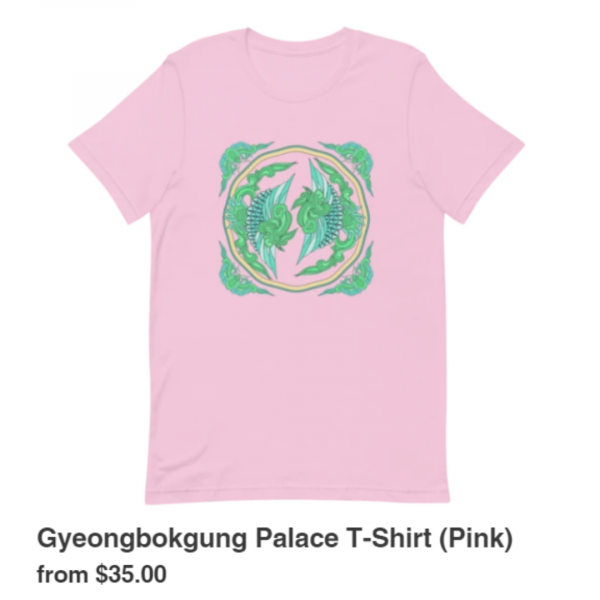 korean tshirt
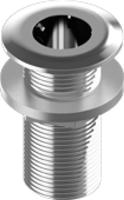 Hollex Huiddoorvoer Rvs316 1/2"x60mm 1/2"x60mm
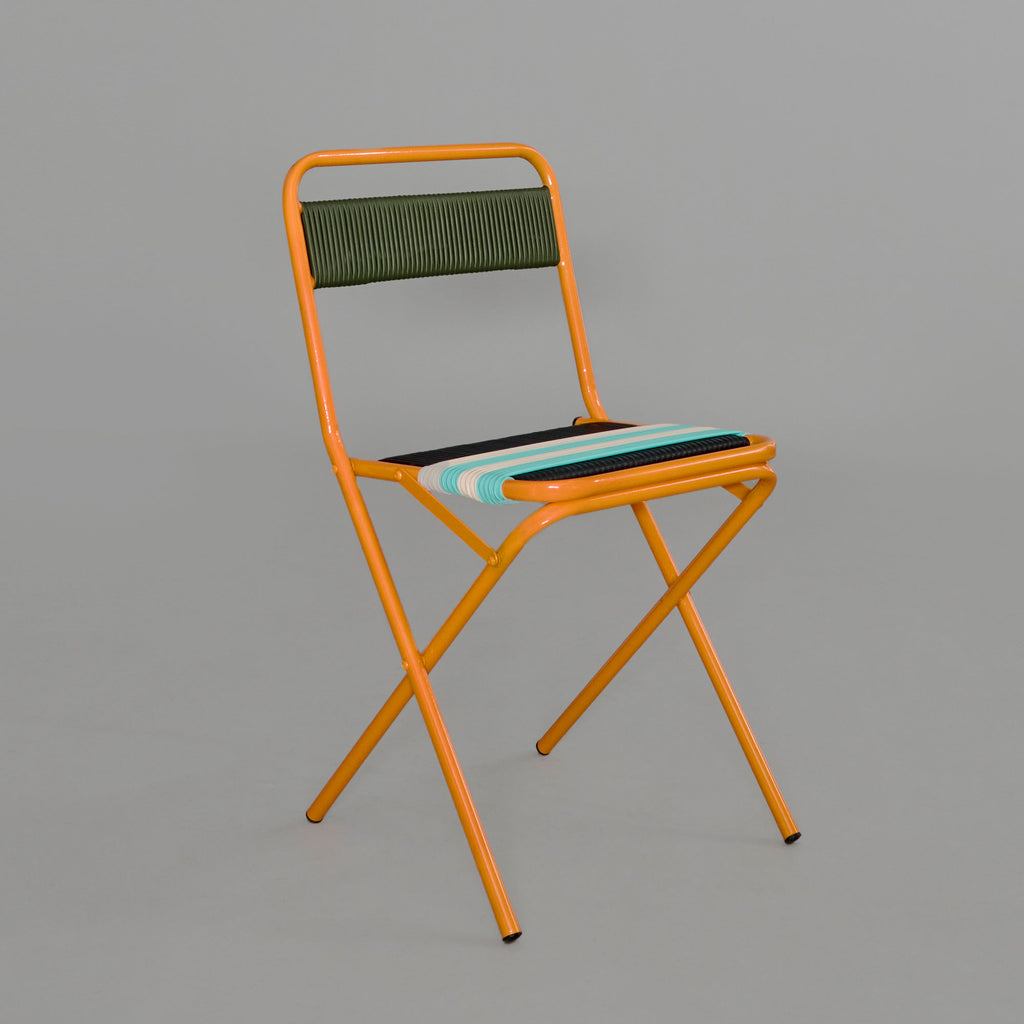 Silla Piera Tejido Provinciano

* **Directions**:
Write the data above out again exactly, every line of it, and exclude the pictures.

* **Exercise response**:
 korean tshirt
 Hollex Huiddoorvoer Rvs316 1/2"x60mm 1/2"x60mm
 Silla Piera Tejido Provinciano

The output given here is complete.